The Anti-Slavery Examiner, Part 3 of 4 eBook

American Anti-Slavery Society
This eBook from the Gutenberg Project consists of approximately 1,269 pages of information about The Anti-Slavery Examiner, Part 3 of 4.

The Anti-Slavery Examiner, Part 3 of 4 eBook

American Anti-Slavery Society
This eBook from the Gutenberg Project consists of approximately 1,269 pages of information about The Anti-Slavery Examiner, Part 3 of 4.

If then the Constitution be, what these Debates show that our fathers intended to make it, and what, too, their descendants, this nation, say they did make it and agree to uphold,—­then we affirm that it is a “covenant with death and an agreement with hell,” and ought to be immediately annulled.

But if, on the contrary, our fathers failed in their purpose, and the Constitution is all pure and untouched by slavery,—­then, Union itself is impossible, without guilt.  For it is undeniable that the fifty years passed under this (anti-slavery) Constitution, shew us the slaves trebling in numbers;—­slaveholders monopolizing the offices and dictating the policy of the Government;—­prostituting the strength and influence of the Nation to the support of slavery here and elsewhere;—­trampling on the rights of the free States and making the courts of the country their tools.  To continue this disastrous alliance longer is madness.  The trial of fifty years with the best of men and the best of Constitutions, on this supposition, only proves that it is impossible for free and slave States to unite on any terms, without all becoming partners in the guilt and responsible for the sin of slavery.  We dare not prolong the experiment, and with double earnestness we repeat our demand upon every honest man to join in the outcry of the American Anti-Slavery Society,

NO UNION WITH SLAVEHOLDERS.

THE CONSTITUTION

A PRO-SLAVERY COMPACT.

* * * * *

Extracts from Debates in the Congress of Confederation, preserved by Thomas Jefferson, 1776.

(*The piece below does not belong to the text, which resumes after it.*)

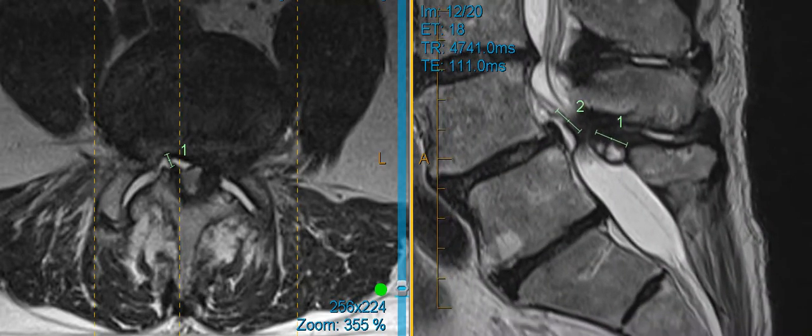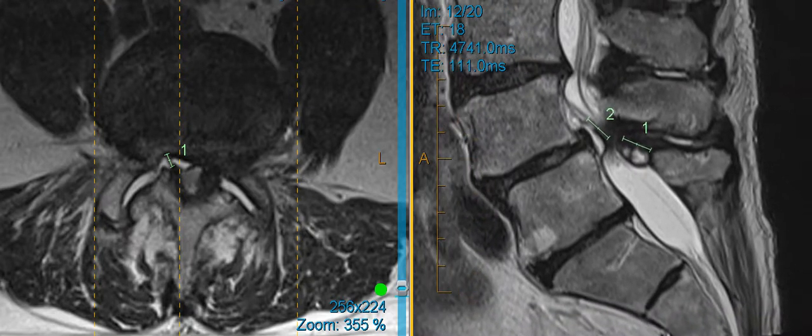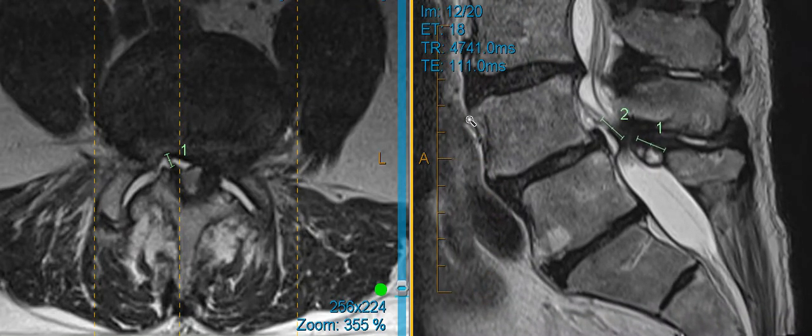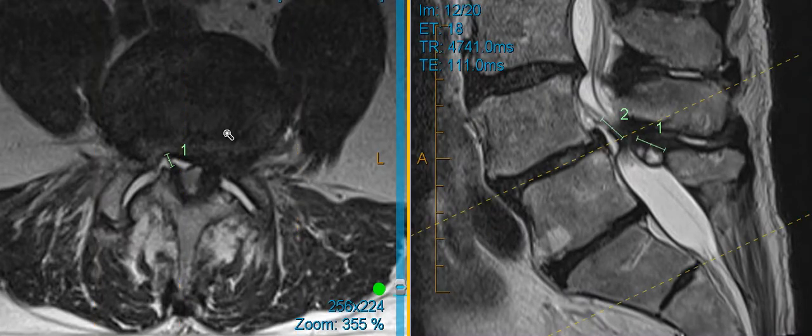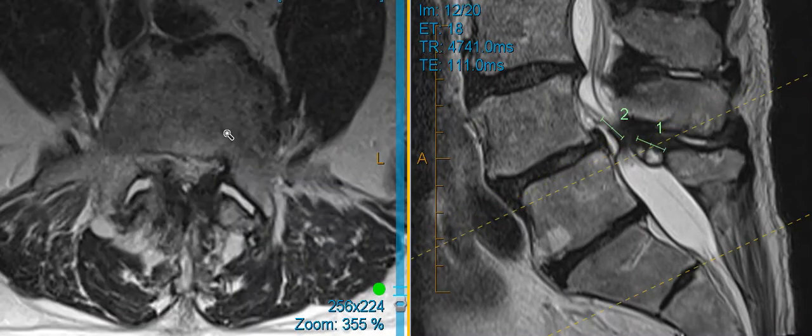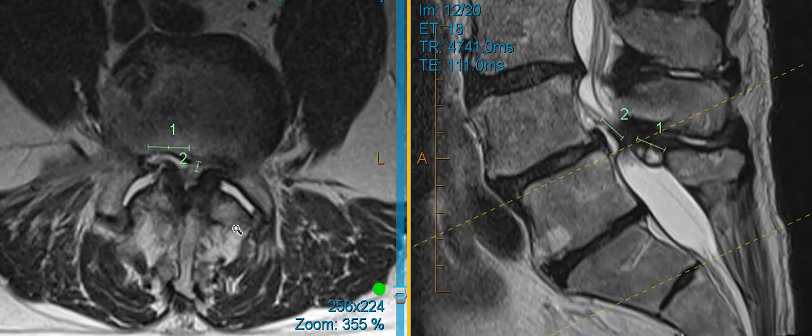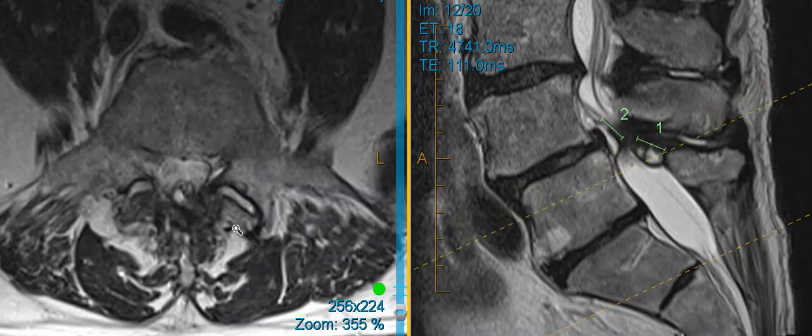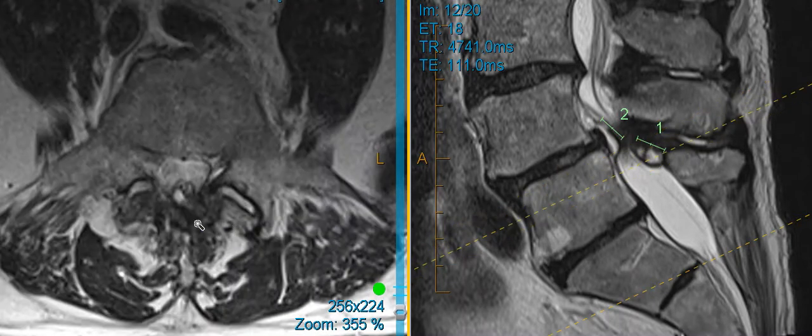When I see a synovial cyst, we see that typically show up when a patient is having some instability or micro instability, meaning the bone is actually slipping. The cyst arises from the joint in the back of the spine called the facet. You can see these facets have a bunch of fluid in them. That's another signal that there's some slippage going on.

On Friday, the twelfth of July, 1776, the committee appointed to draw the articles of Confederation reported them, and on the twenty-second, the House resolved themselves into a committee to take them into consideration.  On the thirtieth and thirty-first of that month, and the first of the ensuing, those articles were debated which determined the proportion or quota of money which each State should furnish to the common treasury, and the manner of voting in Congress.  The first of these articles was expressed in the original draught in these words:—­

“Article 11.  All charges of war and all other expenses that shall be incurred for the common defence, or general welfare, and allowed by the United States assembled, shall be defrayed out of a common treasury, which shall be supplied by the several colonies in proportion to the number of inhabitants of every age, sex and quality, except Indians not paying taxes, in each colony, a true account of which, distinguishing the white inhabitants, shall be triennially taken and transmitted to the assembly of the United States.”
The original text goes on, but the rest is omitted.